→ **Data provided**:
>>>>
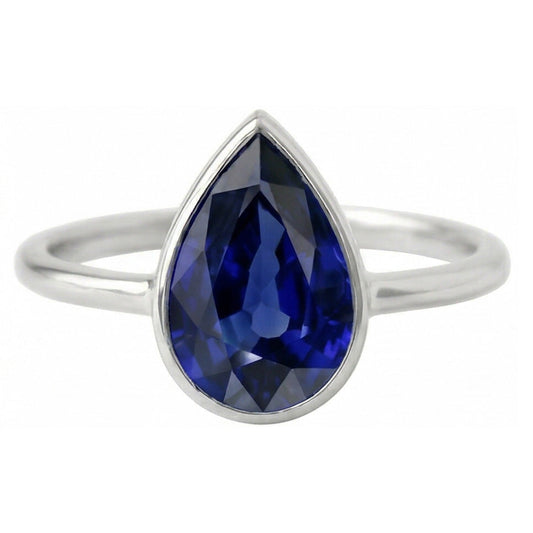 Saphir Bleu Royal Bague Pierre de Couleur 1,50 carats Or Blanc 14 Carats – vue de face
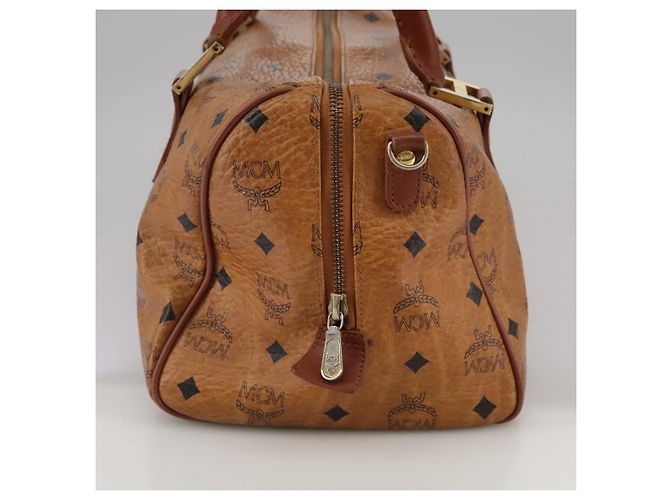 MCM Vicetos Logogram Mini Boston Bag in pelle PVC 2 vie marrone oro Auth ki5381 D'oro - vista 4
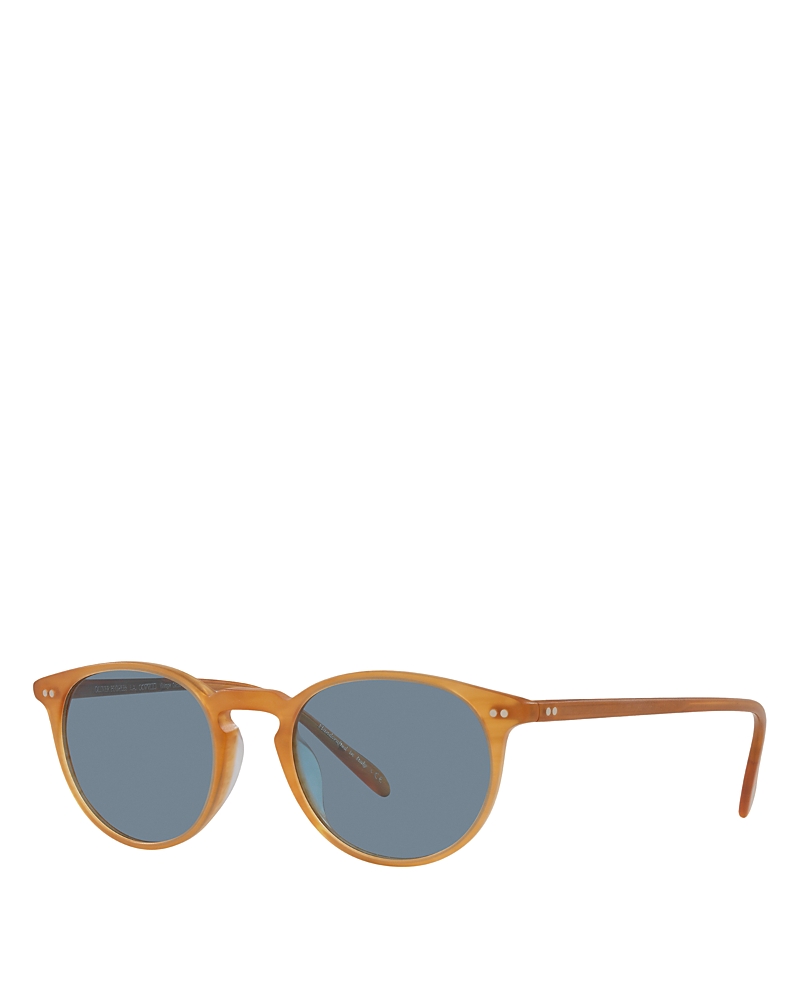Oliver Peoples Ov5004su Semi Matte Amber Tortoise Sunglasses In Orange/blue Solid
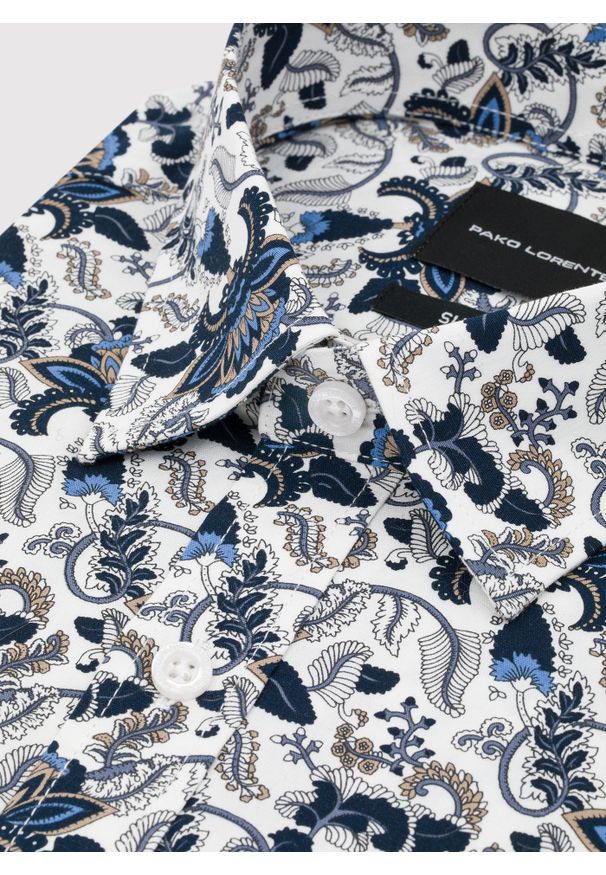 Pako Lorente - PAKO LORENTE - Biała koszula męska niebieskie kwiaty. Kolor: biały, niebieski, wielokolorowy. Materiał: elastan, bawełna. Długość rękawa: długi rękaw. Długość: długie. Wzór: kwiaty. Sezon: jesień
<<<<
→ **About this task**:
Would you reproduce the lines above, from the very first through the line containing "Oliver Peoples Ov5004su", exactly and without the pictures?

→ **Task output**:
 Saphir Bleu Royal Bague Pierre de Couleur 1,50 carats Or Blanc 14 Carats – vue de face
 MCM Vicetos Logogram Mini Boston Bag in pelle PVC 2 vie marrone oro Auth ki5381 D'oro - vista 4
Oliver Peoples Ov5004su Semi Matte Amber Tortoise Sunglasses In Orange/blue Solid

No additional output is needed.